We'll just maintain our discipline on that, but it actually creates a little bit of running room for us, frankly, and we're seeing huge appetite, again, to work with us. We're seeing the pro formas really pencil out nicely, you know, even in this interest rate environment.
Yeah, I, I would agree with that. I think the fact that we didn't account on some overly aggressive leverage, because, you know, the power business has got to compete with the utility business, the GTM business, and the liquid side. It- in the go-go times, we look like we're not going as fast, but in the, in the less delightful financial times, it looks like we've had that pace. And I think that's, that's why you can increase the dividend 29 years in a row, right? Don't get too, don't get too crazy when things are humming along. Don't get sucked in because someone's just got a problem. Does this look good? There's a reason they have a problem. I think we've been very disciplined on that approach, and that'll continue. Anything else for Matthew? We're gonna see him at lunch, too. Matthew, thanks very much. Appreciate it.
Now we're gonna ask Pat to come on stage. Pat, thank you for joining me.
Thanks. Can't help to notice I didn't get a fancy video coming in-
Mm-hmm.
but maybe that's the new guy thing. I'll have to work on that.
That's good capital allocation.
That's true. Put it towards the dividend. I guess that's a good idea.
Remember, CFO is super important, but you and I are overhead. These guys are making revenue-
Fair enough.
We don't get a little video on there.
Fair enough.
Right, so... look, we just heard a lot of the business units talk about the exciting growth prospects and the opportunities for the business. But let's talk about how we're gonna stay disciplined in carrying out that growth, choose the right ones, that ensure that our cash flow, our earnings, and dividend keep growing for investors.
Yeah, I think very excited about the magnitude of opportunities that you've heard my colleagues talking about today. I think it's a, to be fair, a good issue to have. How do you fund all this, and what do you do from a capital appropriation perspective? So looking forward to what it brings forward. I think I'm agnostic to what commodity it comes from. I think you've heard today, we've got lots of good opportunities, lots of fundamentals telling us that we're gonna need a lot of that for a long time. So I'm a little agnostic on the commodity, but not agnostic on the returns and the risk model. We protect our risk model very closely and have for decades, and we'll continue to do that. I think on the, what is it, your guys' right-hand side, we've talked about our disciplined investment framework.
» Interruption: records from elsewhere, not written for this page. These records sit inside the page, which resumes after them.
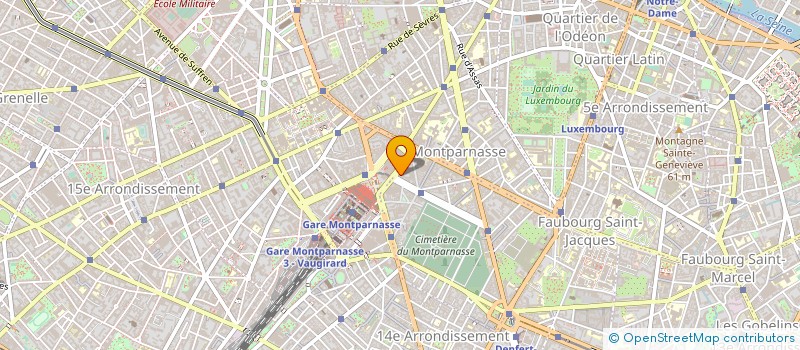 localisation de l'entreprise CODEV SARL  PARIS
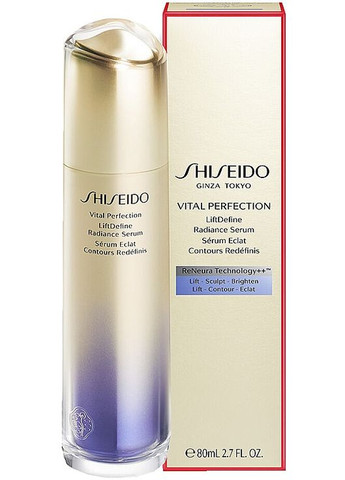 Моделювальна сироватка для обличчя й шиї Unisex Vital Perfection LiftDefine Radiance Serum 40ml (945187-46939) Shiseido (368627731)
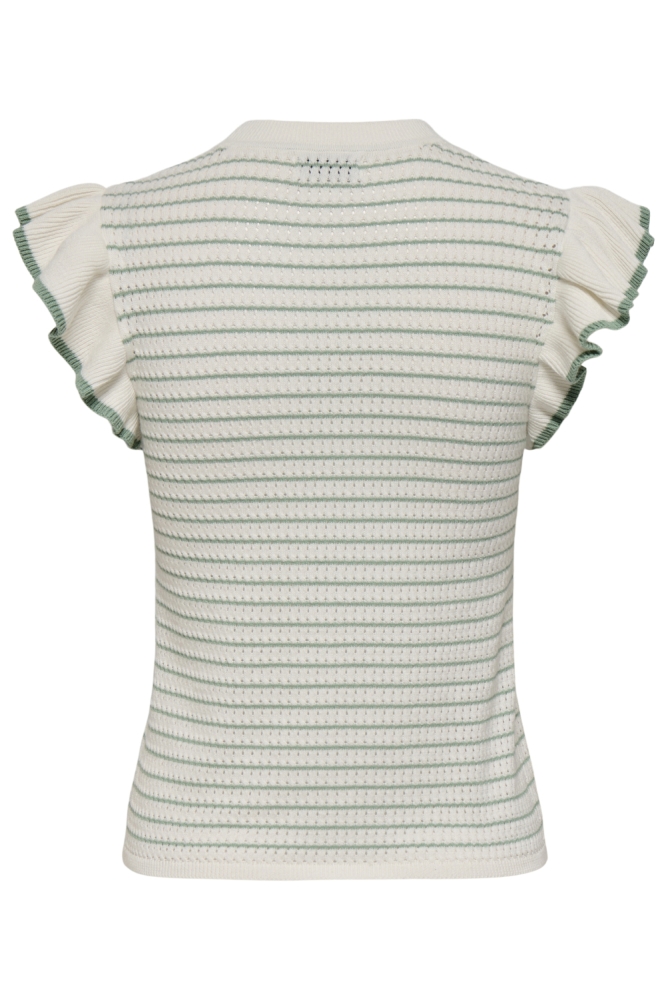 Jacqueline de Yong witte dames top | Achteraanzicht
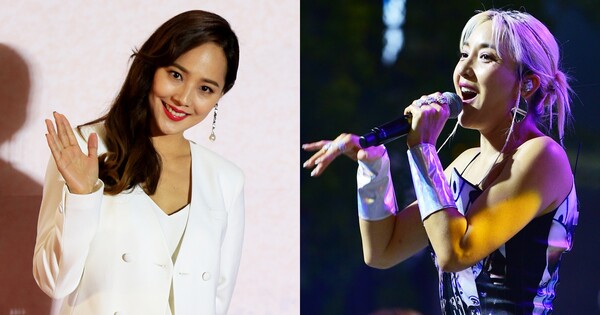 가수 겸 배우 유진(좌), 가수 바다(우) ⓒ뉴스1&nbsp;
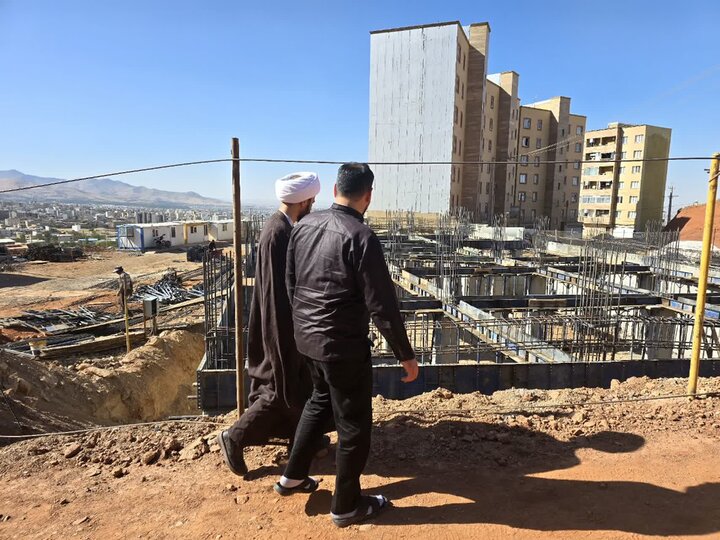 تصاویر/  بازدید نظارتی از پروژه مسکونی شهرک بهشتی همدان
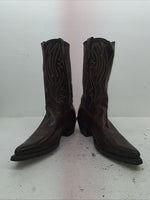 New Men’s Brown Texas Brand Cowboy Boots. 6411 11 D. 9-24
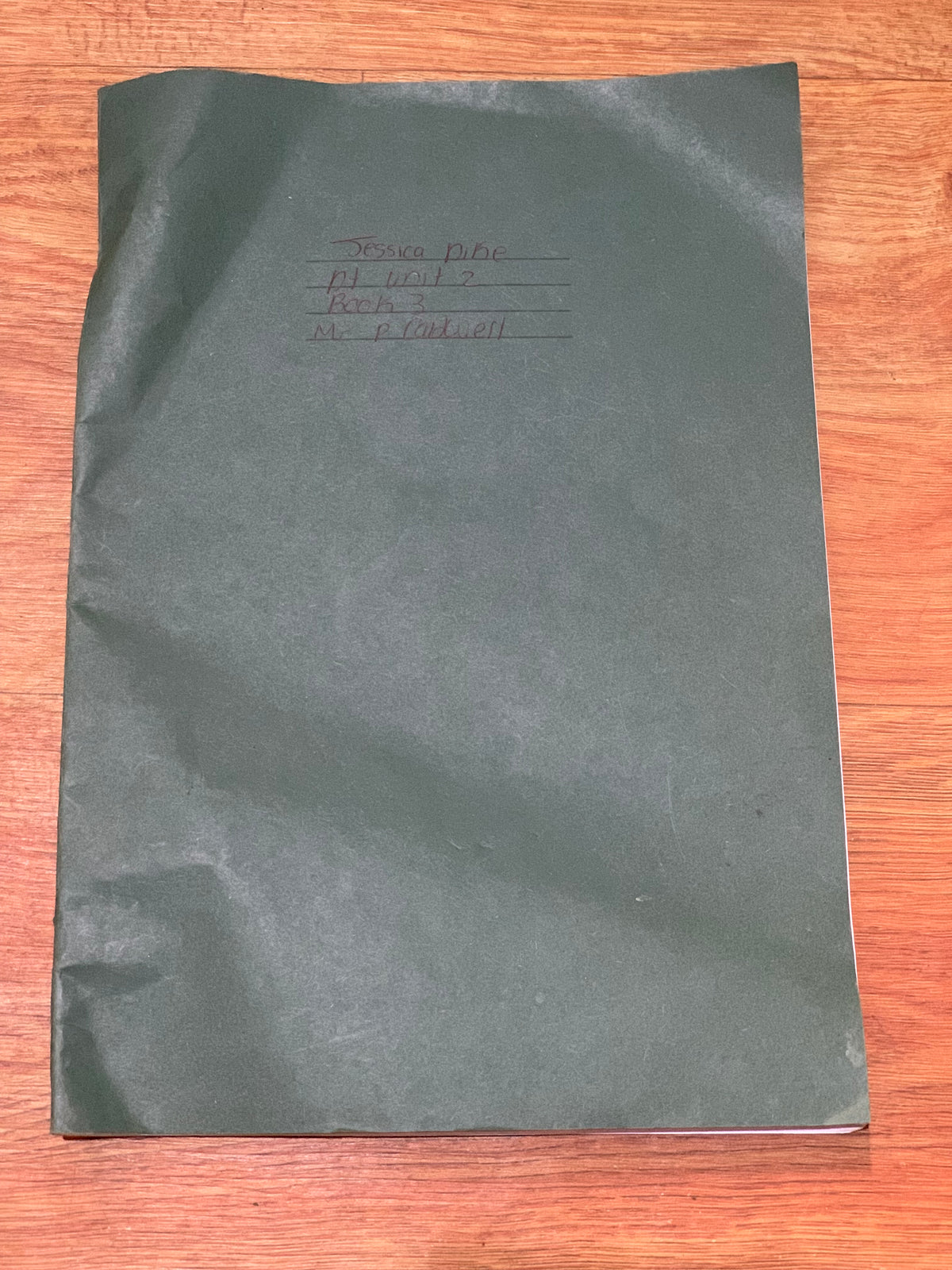 JESSICA DIKE NOTEBOOK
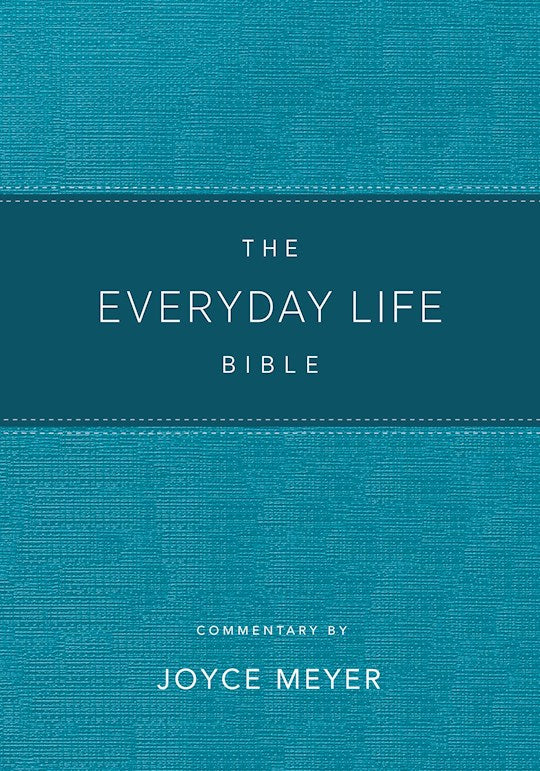 Amplified The Everyday Life Bible-Teal LeatherLuxe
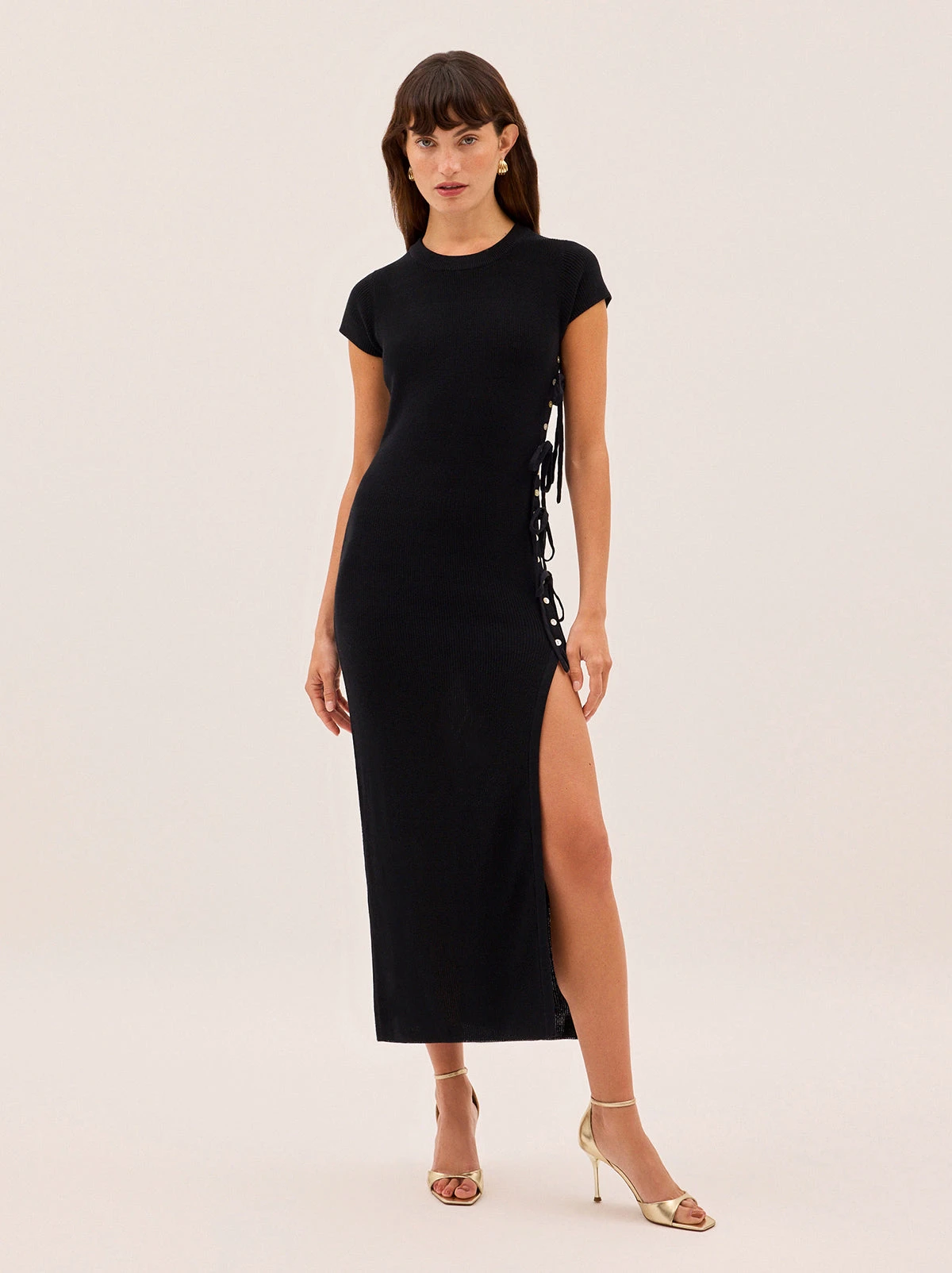 Calista Black Knit Dress 5 Calista Black Knit Dress - Image 5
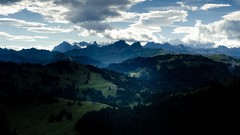 Landscapes nature Mountains Green forests valleys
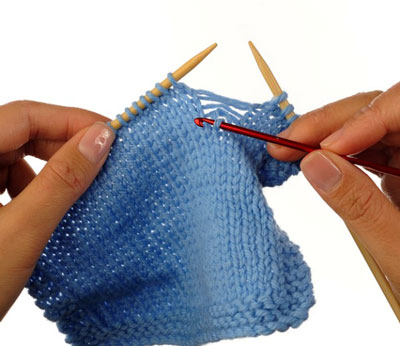 Wie man einen ausgefallenen Stich aufnimmt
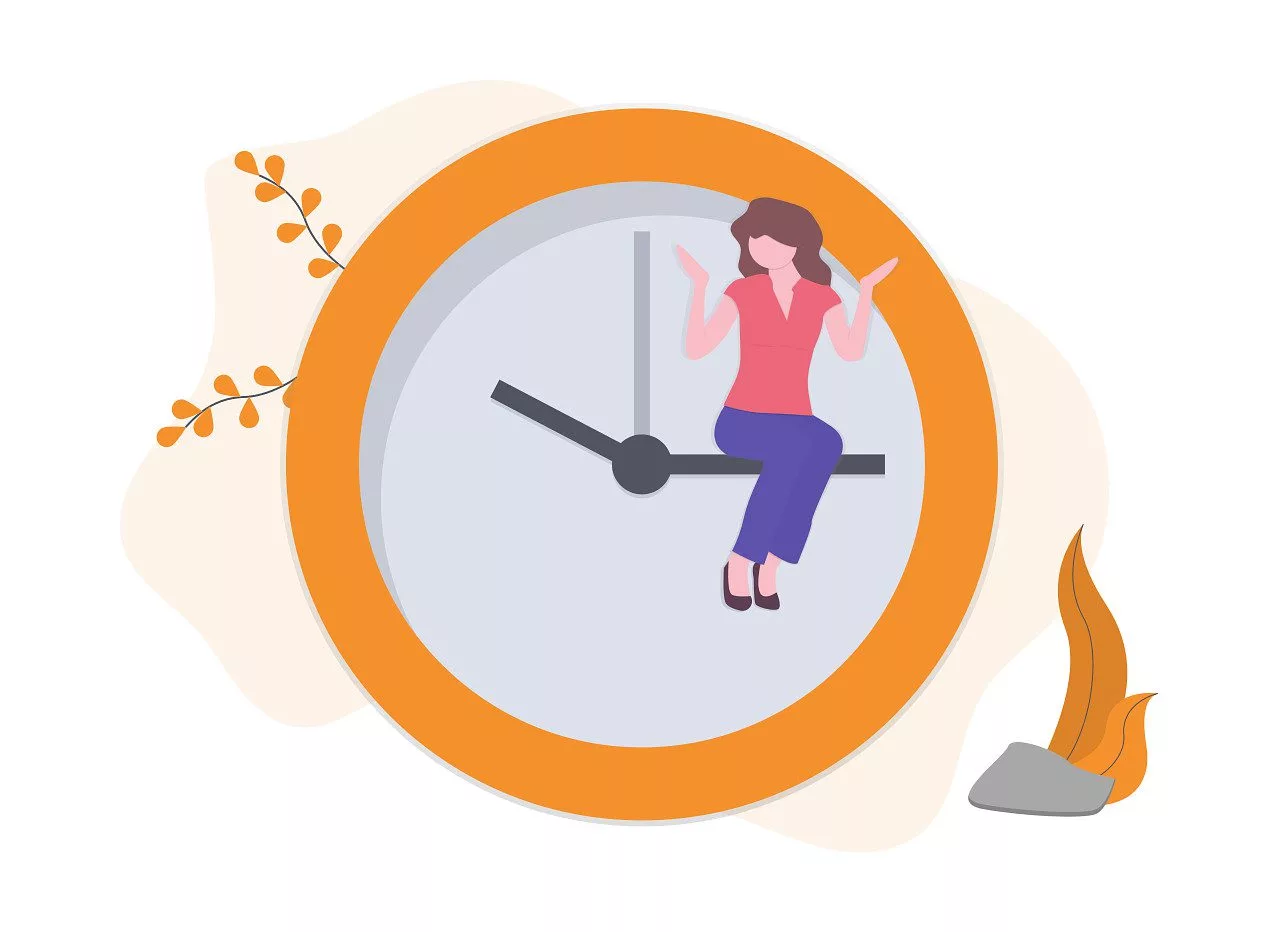 Ilustración de gestión del tiempo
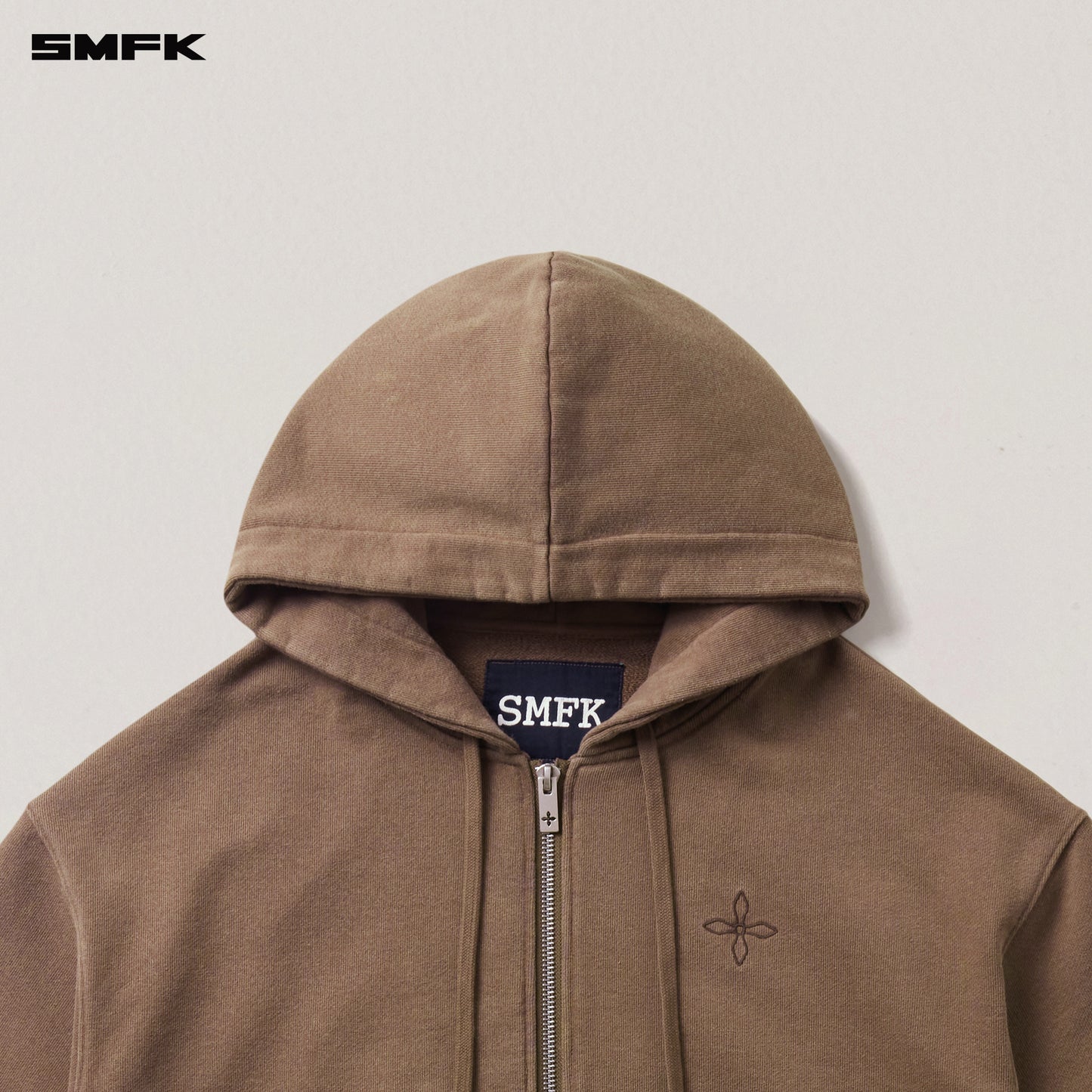 COMPASS MODE LOOSE ZIP HOODIE/ WILD HORSE BROWN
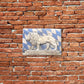 Bavarian Lion, Painted Terracotta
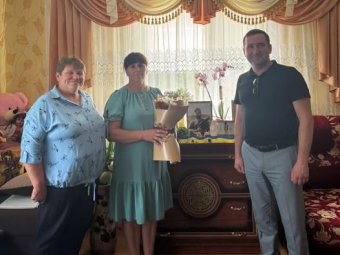 У Зимнівській громаді з ювілеєм привітали матір загиблого Героя 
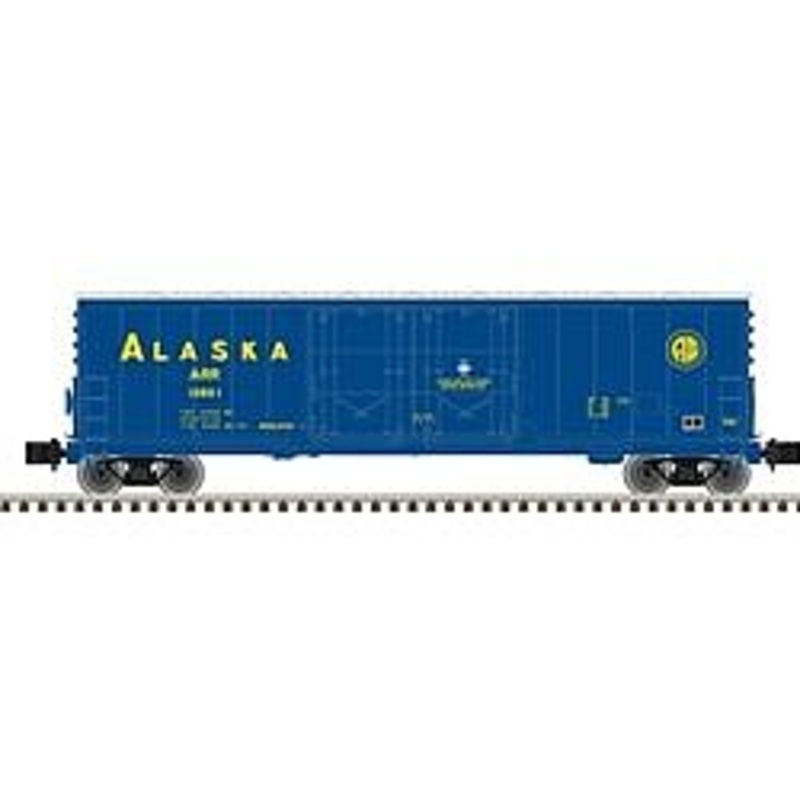 Z 53′ Boxcar Alaska  #10806 Blue/Yellow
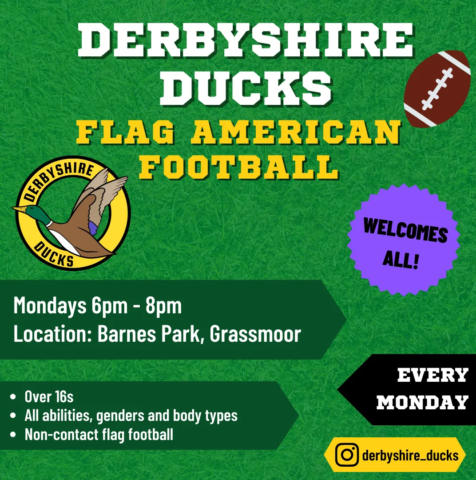 Derbyshire Ducks - Flag American Football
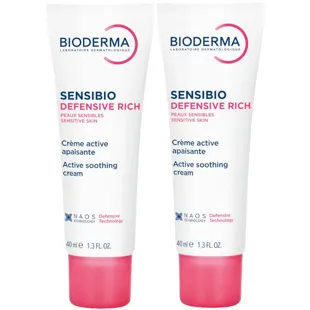 Bioderma Sensibio Defensive Rich Cream 2x40 ml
I'm not gonna go through that in a lot of detail, but maybe just reiterate kind of our three main priorities when we're looking at projects. One, we've talked about a lot: the balance sheet. It needs to be accretive from a per-share basis. It needs to generate EBITDA, but it also has to protect that balance sheet. I think you've used the word neutral. I'd like to see them be accretive to the balance sheet, much like what Colin did this morning. I could call that accretive to the balance sheet. Those are really low multiple expansions of a very strategic asset that actually are beneficial to our balance sheet. That's the kind of projects we're looking for, and we can high-grade what we've got to kind of focus on that. We're always returning capital to our shareholders.
It's an extremely important piece of the business. We've been doing it for decades. I think you'd quote, what was it?... CAD 34 billion-
That's five years.
of returned dividends in the last five years. That's gonna be a very important piece of this, and that locks in a discipline with our management team around making sure those cash flows are gonna be there, they're gonna be consistent, they're gonna be reliable. So that's a big, important piece. And then the growth, and I think when I think about, you know, what we've done in the last year, I think that's where we've made probably the largest stride, which is creating some clarity into that growth, not only for the next few years, but even into the back part of the decade, with that kind of bedrock of having these utilities as the base, and then all these projects that you've heard us talk about and that we've secured, helping grow the business. So really excited about what it looks like.
We get to be selective and very strategic as we pick through these projects.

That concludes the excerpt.